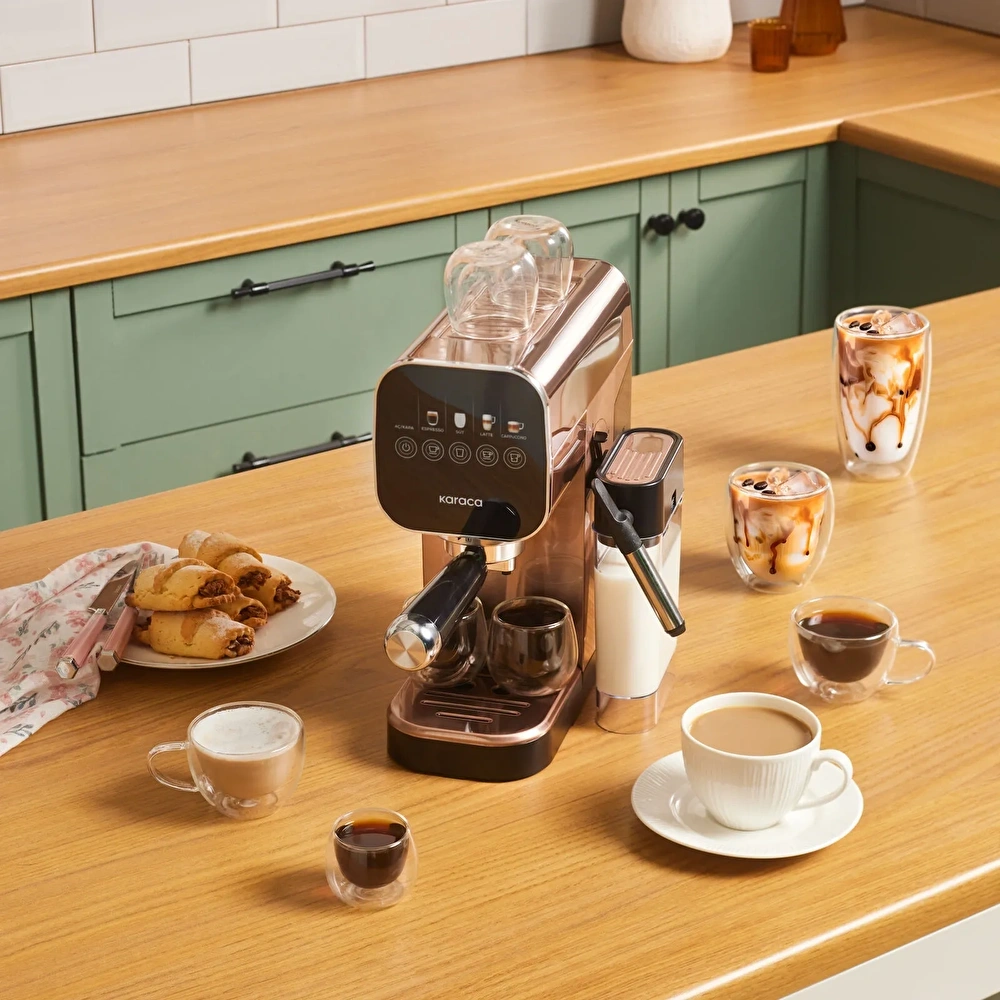 Karaca MyCaffe Barista S20 Entegre Süt Hazneli Otomatik Espresso ve Latte Makinesi Amber 900 ml 1360W görseli 1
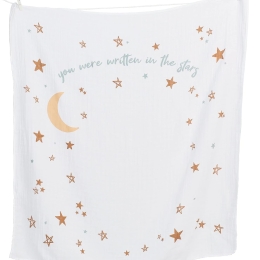 Lulujo Milestones - Cotton Swaddle Blanket and First Year Card Set - You were written in the Stars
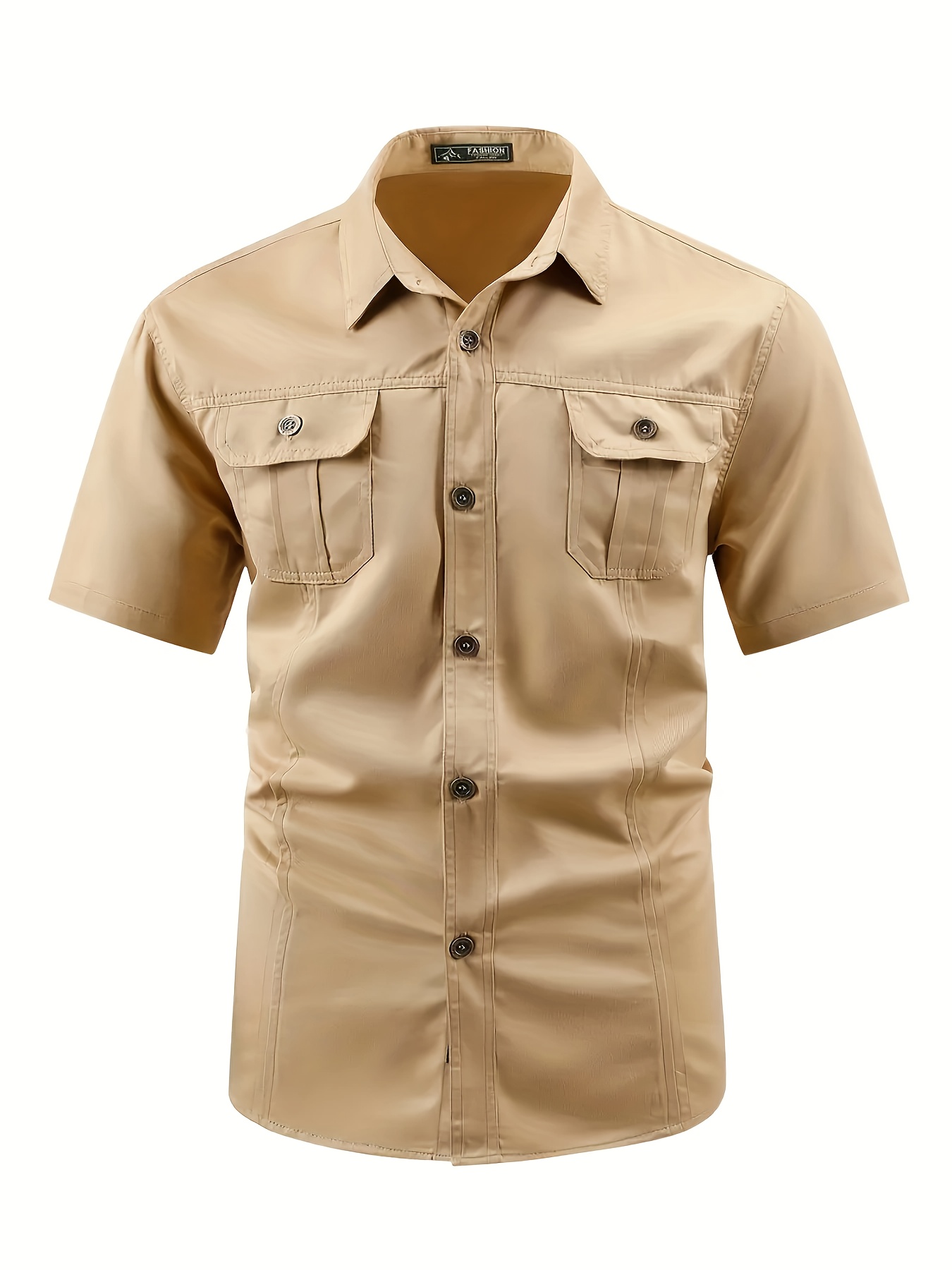 mens casual cargo short sleeve shirt with button pockets solid color non stretch fabric regular fit for weekend casual wear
- - - - - - -
**ASSIGNED TASK**: Everything in the listing above except the pictures should be duplicated exactly.

**WRITTEN RESPONSE**:
 Karaca MyCaffe Barista S20 Entegre Süt Hazneli Otomatik Espresso ve Latte Makinesi Amber 900 ml 1360W görseli 1
 Lulujo Milestones - Cotton Swaddle Blanket and First Year Card Set - You were written in the Stars
 mens casual cargo short sleeve shirt with button pockets solid color non stretch fabric regular fit for weekend casual wear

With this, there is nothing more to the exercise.